As an alternative, the pressure sensors may also be arranged remote from the air springs in or on the respective valve block and connected at the outlet of the associated shutoff valve to the connection line. The advantages with such a centralized arrangement of the pressure sensors are the required short sensor lines, the lower assembly effort and the largely protected position of the pressure sensors and their electric plugs in respect of dirt and spray. However, this arrangement remote from the air springs has the disadvantage that the respective bellows pressure in the spring bellows of the adjacent air spring is detected in a distorted way by the pressure sensors, especially during the dynamic pressure changes during the opening and closing of the associated shutoff valve. A centralized arrangement of the pressure sensors in an air suspension system control block which, in addition to the control valves, also includes an electronic control unit is known from DE 195 46 324 C2, for example.
SUMMARY
Since accurate control of air admission and release to and from the spring bellows is not yet possible on the basis of the sensed air pressures, it is an underlying object of the disclosure to provide a sensor arrangement for an air suspension system of a vehicle of the configuration mentioned at the outset via which the bellows pressure in the spring bellows of the air springs can nevertheless be determined exactly.
This object can, for example, be achieved by a sensor arrangement for an air suspension system of a vehicle, the vehicle having a vehicle axle with wheels or multiple, adjacent tandem axles defining two vehicle sides, the air suspension system having a changeover valve for air springs of the vehicle axle or multiple, adjacent tandem axles, the air suspension system further having a shutoff valve for the air spring of each vehicle wheel of the vehicle axle or for each air spring on each vehicle side of the multiple, adjacent tandem axles, the corresponding changeover valve and shutoff valves being structurally combined in a valve block arranged at a distance from the air springs, the sensor arrangement comprising: a plurality of pressure sensors, wherein each one of the plurality is provided for measuring a bellows pressure in one spring bellows of the air springs; the pressure sensors being arranged in or on the valve block; each of the plurality of pressure sensors being connected at an output of a corresponding one of the shutoff valves to a connection line of the spring bellows of the corresponding air spring or the spring bellows of the corresponding air springs; a plurality of filter arrangements acting as low-pass filters; and, each of the pressure sensors being connected to the connection line of the spring bellows of the corresponding air spring or of the spring bel-lows of the corresponding air springs via one of the plurality of filter arrangements.

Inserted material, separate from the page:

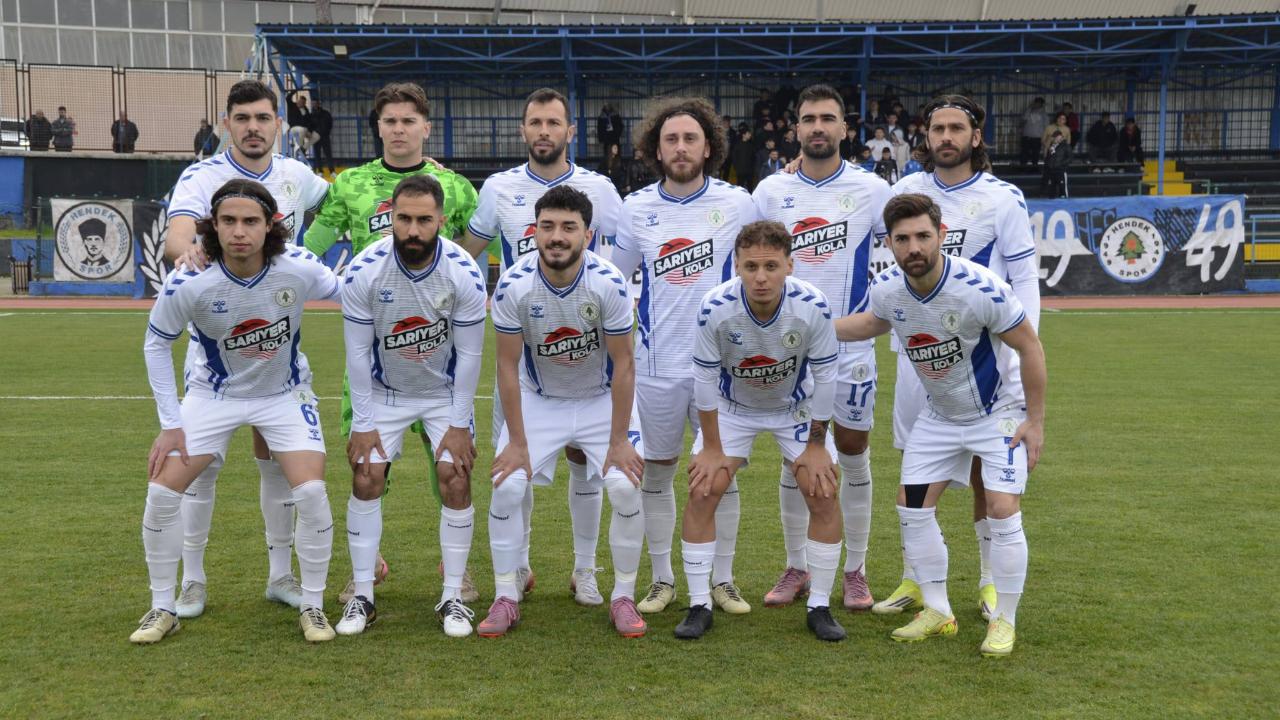 HENDEKSPOR KRİTİK MAÇTA LİDERİ AĞIRLIYOR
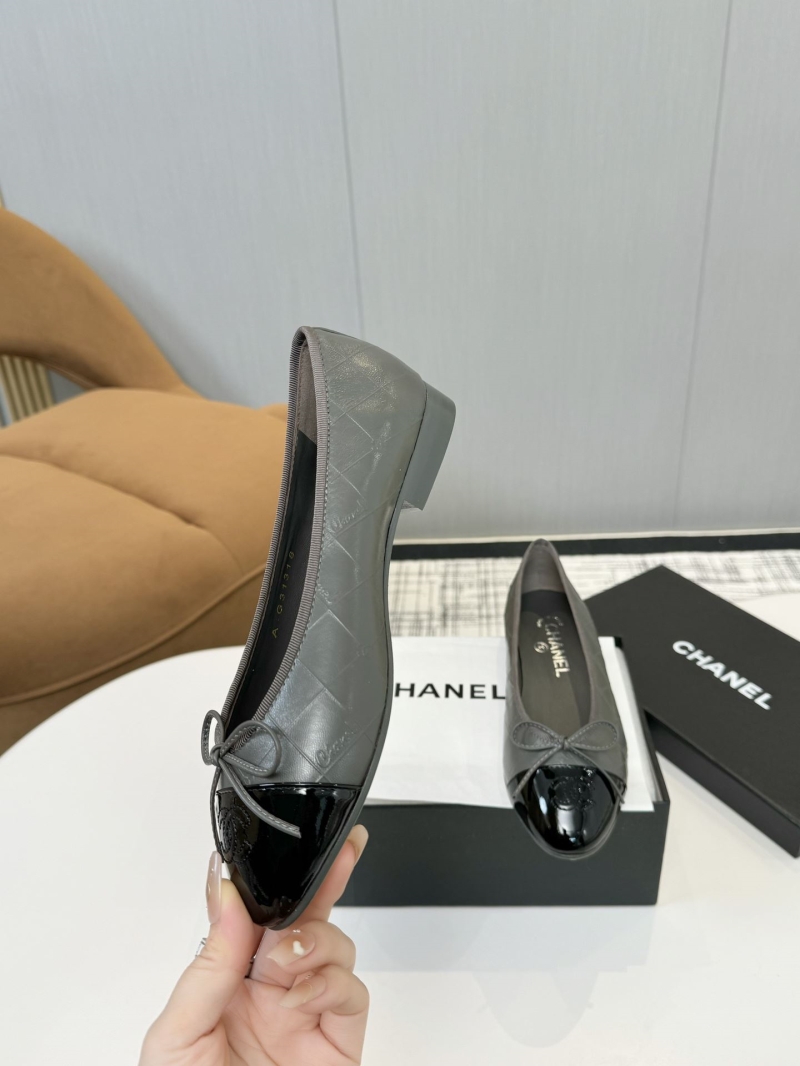 Chanel Flat Shoes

Accordingly, the disclosure relates to a sensor arrangement for an air suspension system of a vehicle, which has a changeover valve for each of the air springs of a vehicle axle or of multiple, adjacent tandem axles, and has a shutoff valve for the air spring of each vehicle wheel of the vehicle axle or for each of the air springs on each vehicle side of the tandem axles, and in which the respective changeover valve and the shutoff valves are structurally combined in a valve block arranged at a distance from the air springs, in which, for measuring the bellows pressure in each of the spring bellows of the air springs, the air suspension system has a respective pressure sensor, the sensors being arranged in or on the valve block, and in which each of the pressure sensors is connected at the output of the shutoff valve associated with the sensor to the connection line of the spring bellows of the associated air spring or of the spring bellows of the associated air springs.

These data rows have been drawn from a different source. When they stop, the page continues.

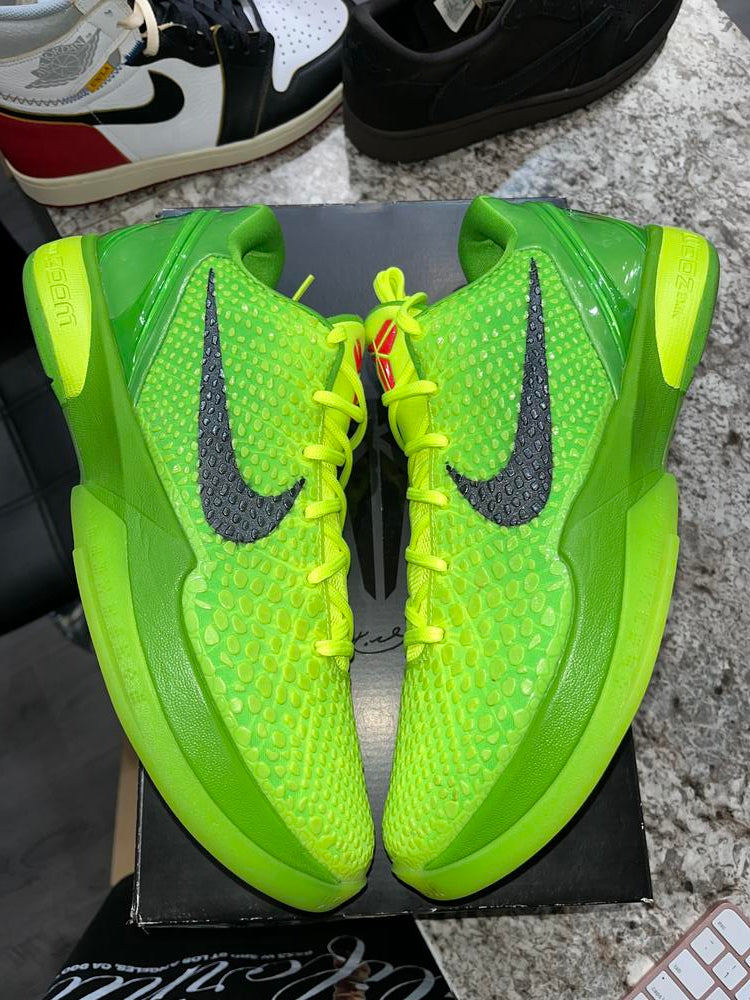 Nike Kobe 6 Protro Grinch (2020) – Coolkicks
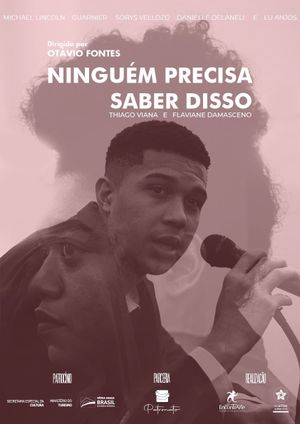 Ninguém Precisa Saber Disso's poster image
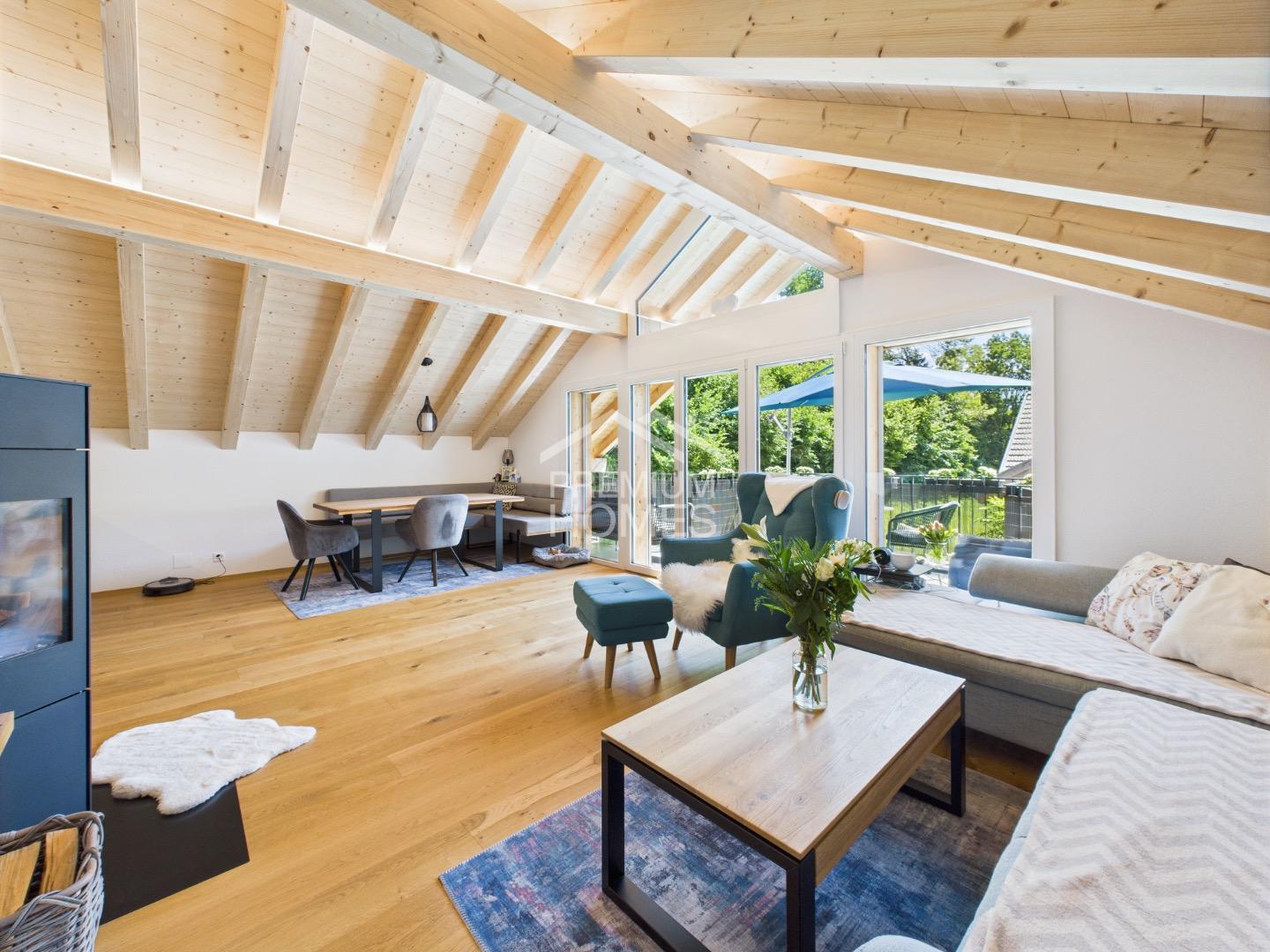 Doppeltes Wohnvergnügen - Maisonette mit Einliegerwohnung! - 1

According to the disclosure, provision is made in this sensor arrangement, for the sake of achieving the stated object, for each pressure sensor to be connected, via a filter arrangement acting as a low-pass filter, to the connection line of the spring bellows of the associated air spring or of the spring bellows of the associated air springs.
By connecting the pressure sensors to the connection line of the spring bellows of the associated air spring or to the spring bellows of the associated air springs in each case via a filter arrangement acting as a low-pass filter, the pressure peaks and pressure fluctuations caused, in particular, by the opening and closing of the associated shutoff valve are damped and filtered out in such a way that the air pressures pS detected via the connected pressure sensors largely correspond to the bellows pressures pB in the spring bellows of the associated air springs (pS=pB).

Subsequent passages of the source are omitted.